Как Тарковский, так и его наиболее близкий соратник и единомышленник кинооператор Вадим Юсов часто говорили о том, как кинокамера «фиксирует» визуальную среду. С одной стороны, камера стабилизирует эту среду в качестве образа; с другой – камера предоставляет ей возможность проявляться в качестве неизобразимой и непроницаемой стихии, наделенной чем-то вроде собственной воли, чьи потоки пульсируют внутри зафиксированного образа. Юсов вносит трезвую ноту в эту дискуссию, когда он обсуждает роль технологии. Он называет оператора главным «потребителем» технологии, который выбирает оптимальные средства для того, чтобы «создать пластический эквивалент кинематографическому образу», предполагаемому сценарием: «Композиционное построение, перспектива тональная и линейная, светотональное и колористическое решение кадра»[410]. При этом «кинооператор способен не просто механически фиксировать реальность, но и ее деформировать, подчеркивать существенные для избранной цели качества»[411]. Таким образом из технологического расчета создается «фактура образа реального мира», опирающаяся не только на «средства искусства», но и на «оптику и пластические световые возможности пленки»[412]. Такие монтажные куски, как «город будущего» в «Солярисе», приобретают «не только эмоциональную среду, но и этическую окраску»[413]. Юсов особо выделяет пролог к «Андрею Рублёву, когда с летающим мужиком Ефимом как бы соперничает кинокамера, которая взмывает над ним, «фиксирует» его в воздухе, а затем вдруг застывает в момент крушения. Пока Ефим лежит, камера продолжает свободно двигаться вокруг него, подобно лошади, которая тихо проходит через кадр и потом кувыркается на земле.

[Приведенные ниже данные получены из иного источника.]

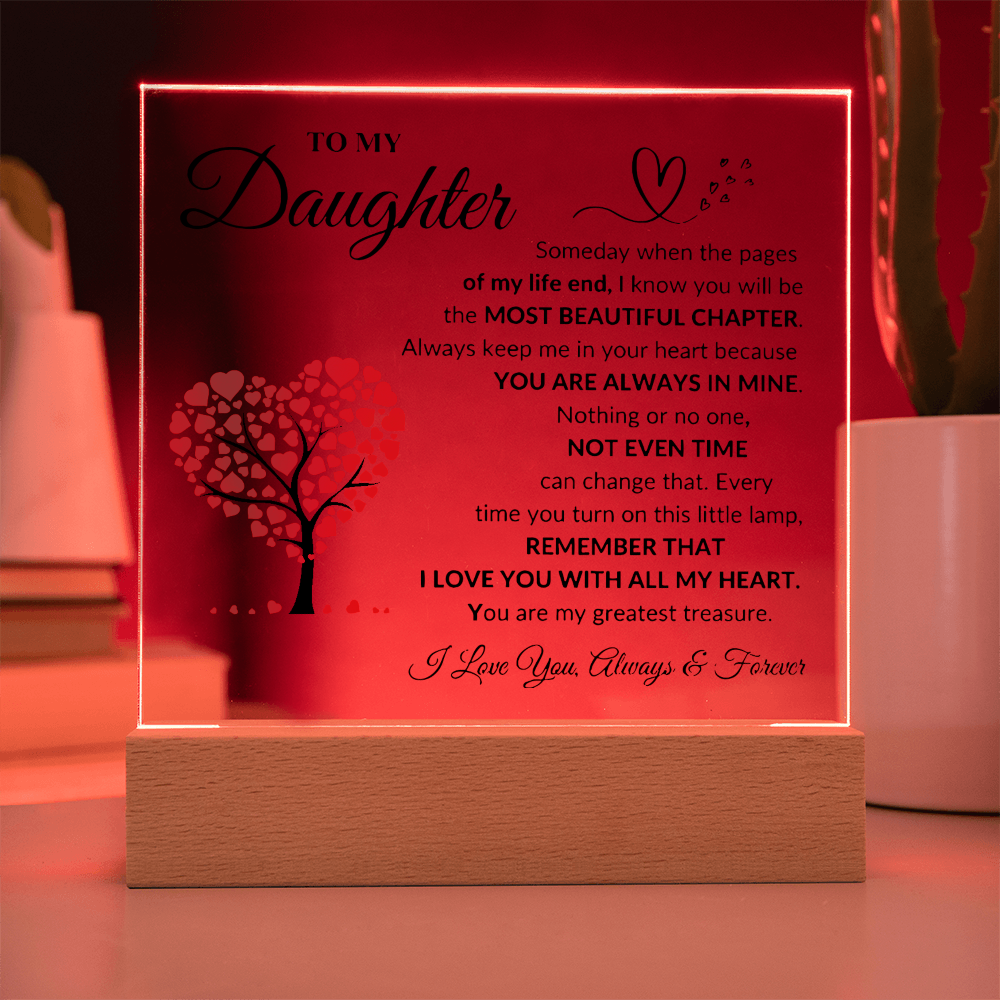 To My Daughter | Printed Square Acrylic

Словом, режиссер предполагает, а камера располагает. Кувыркающаяся лошадь образно подтверждает как торжество кинокамеры над смертью, так и смирение кинокамеры перед нефиксируемой, неукротимой волей стихий. Юсов дает еще один пример из «Соляриса» – короткая сцена, в которой проливной дождь наполняет фарфоровые сосуды, оставленные на столе на веранде дома: «Пластический образ построен по принципу несоразмерности масштабов: крошечное по объему, прекрасное творение рук человеческих не способно вместить миллионной доли падающей в него с небес влаги. Прозрачность хрупкого фарфора, блеск строганых досок стола, зеркальные капли влаги, в которых отражается окружающий мир, – все это должно было быть запечатлено пленкой с максимальной достоверностью фактур, деталей и световых рефлексов»[414].

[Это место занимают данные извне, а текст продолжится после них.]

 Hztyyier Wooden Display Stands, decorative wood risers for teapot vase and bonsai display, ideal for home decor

Приверженность Тарковского длинным планам следует понимать не как отражение наивной веры в способность кинокамеры «зафиксировать» стихийную природу, а как точный расчет на ее особое проявление в кинотехнологиях. Славой Жижек выделил фундаментальное различие в длинных планах Тарковского в «Ностальгии», которые «рассчитывают или на гармоническое отношение к их содержанию, указывая на вожделенное духовное примирение, которое обнаруживается не во взлете от гравитационной силы Земли, а в полном подчинении ее инерции… или, еще более интересным образом, на контраст между формой и содержанием, как длинный план истерического нападения Эуджении на героя, в котором содержится смесь сексуально-провокационных и сладострастных жестов с небрежно-презрительными словами»[415]. Естественно, соблазн «поддаться инерции» стихийных потоков неотделим от истерического сопротивления им; напряжение между этими силами как раз и составляет внутреннюю жизнь всех персонажей Тарковского, принципы всей его кинопоэтики и даже определяет поведение его камеры. Жижек полагает, что Эуджения протестует «не только против усталости и безразличия героя, но и против невозмутимого безразличия самого статического длинного плана, который не дает ей нарушить своего покоя»[416]. Тарковский отметил подобный эффект в сцене ослепления каменщиков в «Андрее Рублёве», которую он сначала собирался снимать «динамично, двигаясь с камерой среди деревьев. И только на месте поняли: надо снимать с мертвой точки, безразличной камерой. Эффект превзошел все ожидания. Бесстрастность, холодность неподвижной камеры только подчеркивала трагичность происходящего, сгущала драматизм»[417]. Как здесь, так и в случае с Горчаковым и Эудженией в «Ностальгии», напряжение создается не столько в общении персонажей, сколько между ними и кинокамерой, которая давит на них и держит их на прицеле, «фиксируя» их и толкая к пределу, на котором они начинают поневоле раскрываться. Если подобное поведение кинокамеры можно назвать «безразличием» и «невозмутимостью», то лишь на таком пределе, где эти качества совпадают с крайним напряжением и мятежностью.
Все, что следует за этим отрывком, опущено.